Charles Benbow

Personal information
- Full name: Charles Albert Benbow
- Born: 1870 Solihull, Warwickshire, England
- Died: 29 March 1912 (aged 41) New Plymouth, New Zealand

Domestic team information
- 1891/92–1896/97: Wellington

Career statistics
| Competition | First-class |
| Matches | 6 |
| Runs scored | 54 |
| Batting average | 9.00 |
| 100s/50s | 0/0 |
| Top score | 30 |
| Balls bowled | 518 |
| Wickets | 17 |
| Bowling average | 11.05 |
| 5 wickets in innings | 0 |
| 10 wickets in match | 0 |
| Best bowling | 4/9 |
| Catches/stumpings | 2/- |
- Source: Cricinfo, 4 March 2018

= Charles Benbow =

New Zealand cricketer

Charles Albert Benbow (1870 – 29 March 1912) was a cricketer who played first-class cricket for Wellington in New Zealand from 1891 to 1897.

==Life and career==
Charles Benbow was born in England and migrated with his family in the 1870s to New Zealand, where his father was the manager of South British Insurance in Wellington.

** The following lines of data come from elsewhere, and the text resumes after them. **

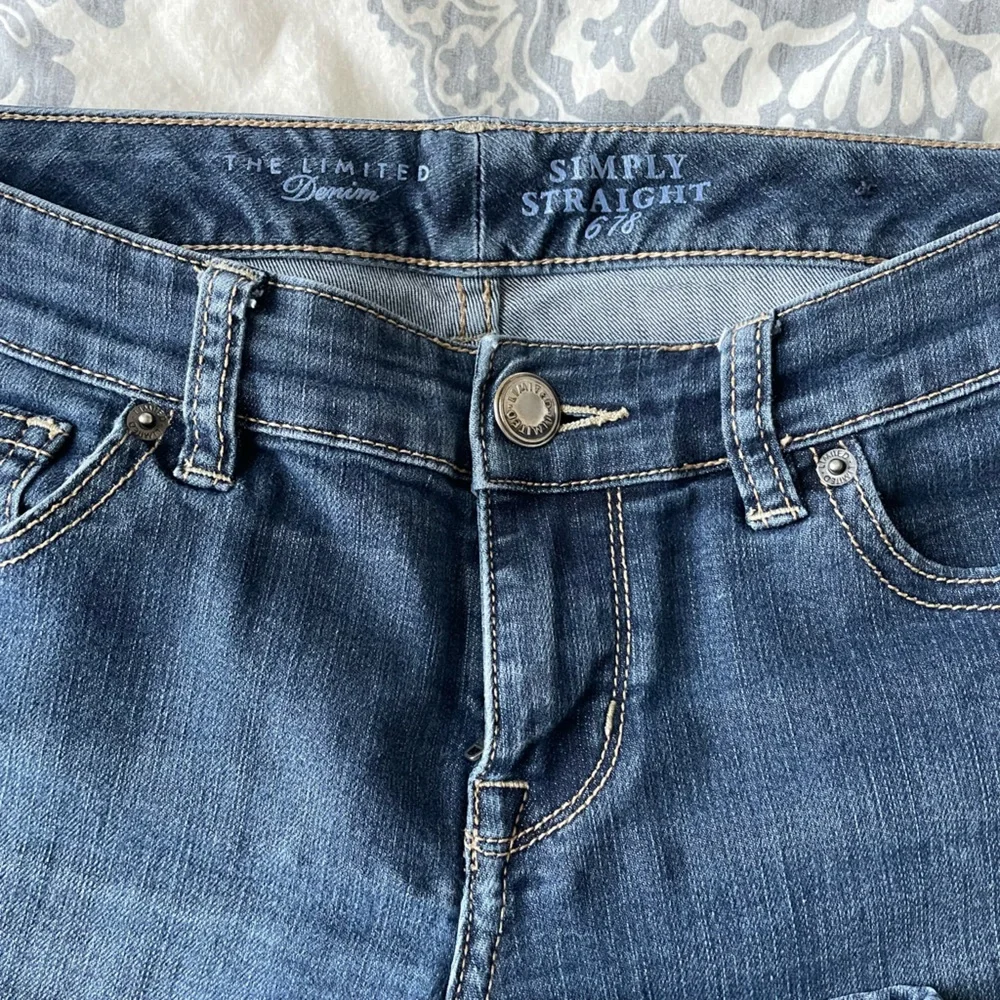 The Limited Simply Straight Jeans 4R - Picture 2 of 6
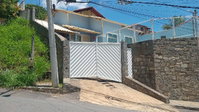 Casa com 2 quartos, 2 banheiros e 75m² de área construída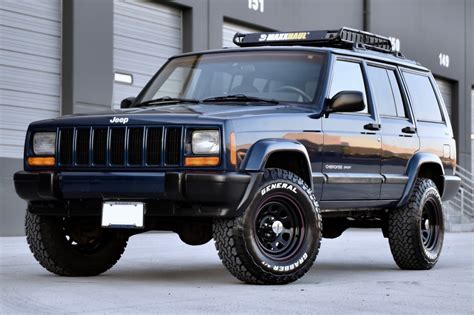 Jeep Cherokee Door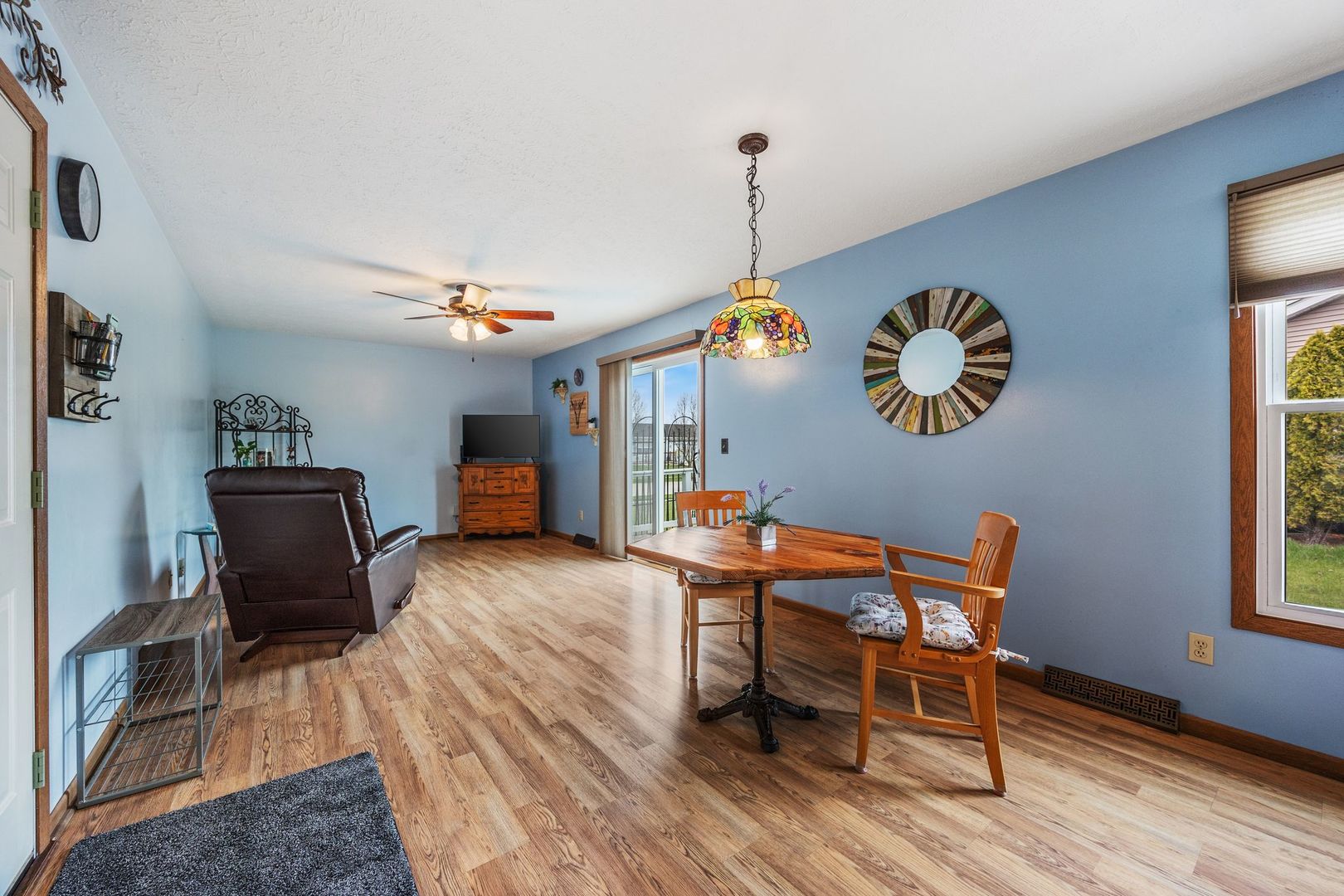 211 W Keene Avenue, Cortland, IL 60112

He attended Wellington College, then joined the AMP Society.

Benbow married Alice Birch in Wellington in March 1902. In 1905 they moved to New Plymouth, where he managed the new branch of the AMP Society. He and his wife had a daughter and a son. He died of pneumonia in New Plymouth on 29 March 1912 after a period of ill-health. His funeral on 31 March was the largest in New Plymouth for some years.

==Cricket career==
In his first first-class match Benbow was Wellington's most successful bowler in their one-wicket victory over Nelson, taking 3 for 35 and 4 for 31. His best first-class figures were 4 for 9 (off 12 overs) against Fiji in 1894–95.